Uma publicação da Igreja descreve da seguinte forma os resultados que podem ser obtidos ao alcançar o nível supremo de Thetan Operante:

«Estas verdades são essenciais para a sua sobrevivência como OT e a sua capacidade para alcançar a liberdade espiritual total. Os seus conceitos de tempo, o futuro e o passado, de repente mudam e experimentará um novo e incomparável nível de estabilidade e cognoscência que permanecerá consigo para esta e vidas futuras.» (Revista Source 99:21)

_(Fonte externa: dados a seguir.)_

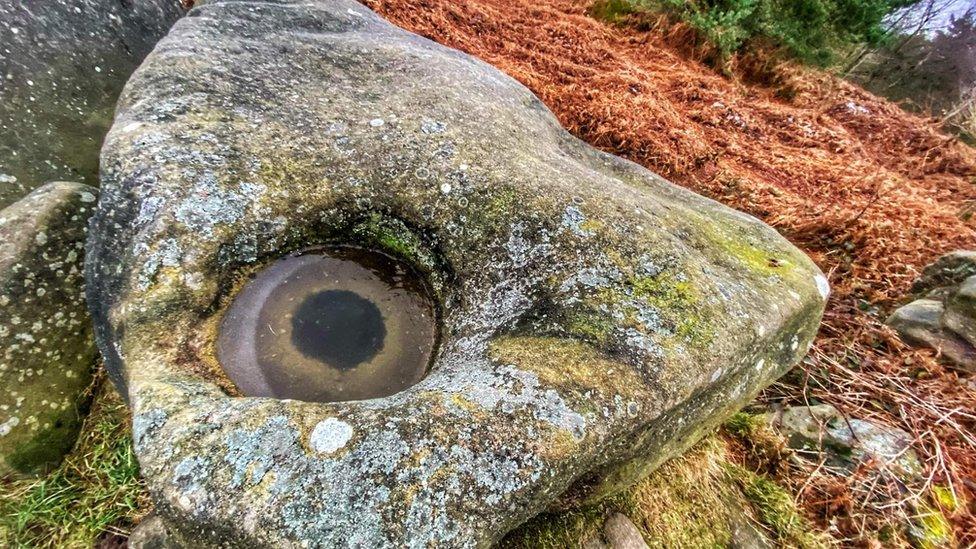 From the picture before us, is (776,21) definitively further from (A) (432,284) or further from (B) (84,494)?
(B) (84,494)

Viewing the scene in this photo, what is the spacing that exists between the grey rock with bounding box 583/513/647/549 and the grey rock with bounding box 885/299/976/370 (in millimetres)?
3420

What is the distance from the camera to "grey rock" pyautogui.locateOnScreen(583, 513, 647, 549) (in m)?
2.50

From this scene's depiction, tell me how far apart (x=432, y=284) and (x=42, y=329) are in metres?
2.40

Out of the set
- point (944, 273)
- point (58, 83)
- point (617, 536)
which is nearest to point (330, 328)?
point (617, 536)

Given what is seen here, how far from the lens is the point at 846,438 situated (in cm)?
342

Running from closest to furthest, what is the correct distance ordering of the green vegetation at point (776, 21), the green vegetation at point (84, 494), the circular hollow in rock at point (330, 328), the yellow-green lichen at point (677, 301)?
the yellow-green lichen at point (677, 301) < the circular hollow in rock at point (330, 328) < the green vegetation at point (84, 494) < the green vegetation at point (776, 21)

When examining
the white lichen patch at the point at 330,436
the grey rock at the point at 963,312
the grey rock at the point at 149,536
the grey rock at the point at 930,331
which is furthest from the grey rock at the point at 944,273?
the grey rock at the point at 149,536

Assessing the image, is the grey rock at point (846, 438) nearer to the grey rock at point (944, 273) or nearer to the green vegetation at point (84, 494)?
the grey rock at point (944, 273)

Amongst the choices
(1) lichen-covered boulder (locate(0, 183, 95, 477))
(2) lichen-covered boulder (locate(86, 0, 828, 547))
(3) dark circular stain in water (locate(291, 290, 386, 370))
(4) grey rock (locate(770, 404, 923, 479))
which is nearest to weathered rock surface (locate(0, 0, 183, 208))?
(1) lichen-covered boulder (locate(0, 183, 95, 477))

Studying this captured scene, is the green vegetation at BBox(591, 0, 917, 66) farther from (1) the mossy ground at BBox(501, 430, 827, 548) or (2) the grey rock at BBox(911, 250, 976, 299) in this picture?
(1) the mossy ground at BBox(501, 430, 827, 548)

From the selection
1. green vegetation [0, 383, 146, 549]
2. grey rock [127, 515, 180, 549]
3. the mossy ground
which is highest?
the mossy ground

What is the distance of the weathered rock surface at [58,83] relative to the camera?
3.56m

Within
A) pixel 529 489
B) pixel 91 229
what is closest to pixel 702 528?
pixel 529 489

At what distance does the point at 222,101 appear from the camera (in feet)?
9.23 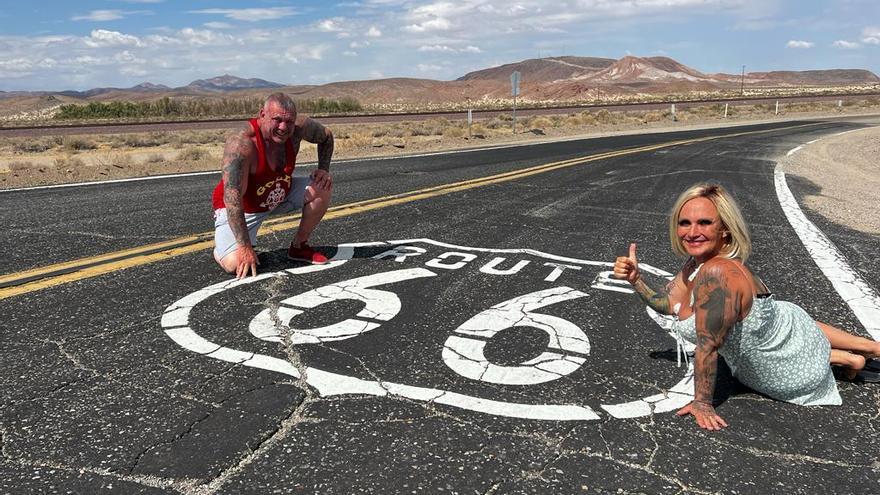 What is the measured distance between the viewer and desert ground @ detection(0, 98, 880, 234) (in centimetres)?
1020

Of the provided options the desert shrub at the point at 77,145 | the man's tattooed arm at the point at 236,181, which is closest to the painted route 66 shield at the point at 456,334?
the man's tattooed arm at the point at 236,181

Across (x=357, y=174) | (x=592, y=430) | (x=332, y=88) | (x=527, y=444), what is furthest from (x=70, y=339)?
(x=332, y=88)

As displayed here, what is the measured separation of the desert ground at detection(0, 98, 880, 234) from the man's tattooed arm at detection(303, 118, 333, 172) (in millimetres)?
5641

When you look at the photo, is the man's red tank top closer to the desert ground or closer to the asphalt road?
the asphalt road

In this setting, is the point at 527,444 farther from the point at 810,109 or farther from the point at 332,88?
the point at 332,88

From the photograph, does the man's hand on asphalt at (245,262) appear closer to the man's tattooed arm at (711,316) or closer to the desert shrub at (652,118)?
the man's tattooed arm at (711,316)

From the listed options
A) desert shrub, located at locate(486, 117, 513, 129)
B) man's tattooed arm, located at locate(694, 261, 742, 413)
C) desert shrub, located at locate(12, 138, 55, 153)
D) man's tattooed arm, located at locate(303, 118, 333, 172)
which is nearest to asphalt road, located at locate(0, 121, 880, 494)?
man's tattooed arm, located at locate(694, 261, 742, 413)

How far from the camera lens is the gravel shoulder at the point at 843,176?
289 inches

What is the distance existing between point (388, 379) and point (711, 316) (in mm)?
1390

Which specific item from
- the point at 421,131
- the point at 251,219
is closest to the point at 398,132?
the point at 421,131

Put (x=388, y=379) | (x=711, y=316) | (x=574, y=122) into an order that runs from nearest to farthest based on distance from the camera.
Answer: (x=711, y=316) < (x=388, y=379) < (x=574, y=122)

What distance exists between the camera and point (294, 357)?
295cm

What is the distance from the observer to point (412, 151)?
18188 millimetres

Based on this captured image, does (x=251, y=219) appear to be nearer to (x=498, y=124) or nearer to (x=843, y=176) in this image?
(x=843, y=176) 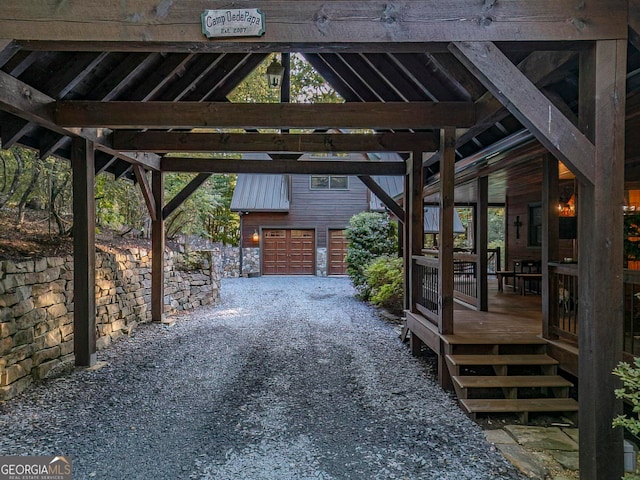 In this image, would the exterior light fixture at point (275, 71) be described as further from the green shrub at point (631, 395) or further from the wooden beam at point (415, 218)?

A diferença entre esta experiência de liberdade e omnisciência, por um lado, e a experiência comum do homem é clara. Para além disso, a doutrina de Scientology defende que aquele que segue o caminho proposto pode alcançar a experiência de «exteriorização», em que o thetan (espírito) deixa o corpo e existe numa forma independente da carne. Com a exteriorização, a pessoa seria capaz de ver sem os olhos do corpo, ouvir sem os ouvidos, e sentir sem as mãos, alcançando a certeza de que ele é ele próprio (o thetan) e não o seu corpo. De acordo com Scientology, a exteriorização do thetan faz com que seja óbvio que o espírito é imortal e dotado de capacidades que excedem aquelas que uma pessoa poderia predizer através de raciocínio quotidiano:

«O thetan é capaz de deixar o corpo e existir independentemente da carne. Exteriorizada, a pessoa pode ver sem os olhos do corpo, ouvir sem os ouvidos do corpo e sentir sem as mãos do corpo. O homem já tinha muito pouca compreensão do desapego da sua mente e do seu corpo. Com o ato de exteriorização, que pode ser alcançado em Scientology, uma pessoa adquire a certeza de que ela é ela mesma e não o seu corpo.» (O que é Scientology? 1992:147)

Por isso, Scientology encaixa-se nas definições nominais de religião em uso nas ciências sociais atualmente.

Em suma, tal como as numerosas religiões que internacionalmente constituem o «fermento religioso» das últimas décadas (as religiões de origem oriental, Pentecostalismo e as religiões afro-americanas, entre outras) as experiências religiosas que não são comuns e que não são quotidianas têm um lugar central em Scientology. Como em outras religiões, tais experiências são por um lado motivadas, reguladas e interpretadas pela doutrina e, por outro lado, são consideradas como uma prova da justeza da visão cósmica seguida pelo grupo. Por isso, Scientology encaixa-se nas definições nominais de religião em uso nas ciências sociais atualmente.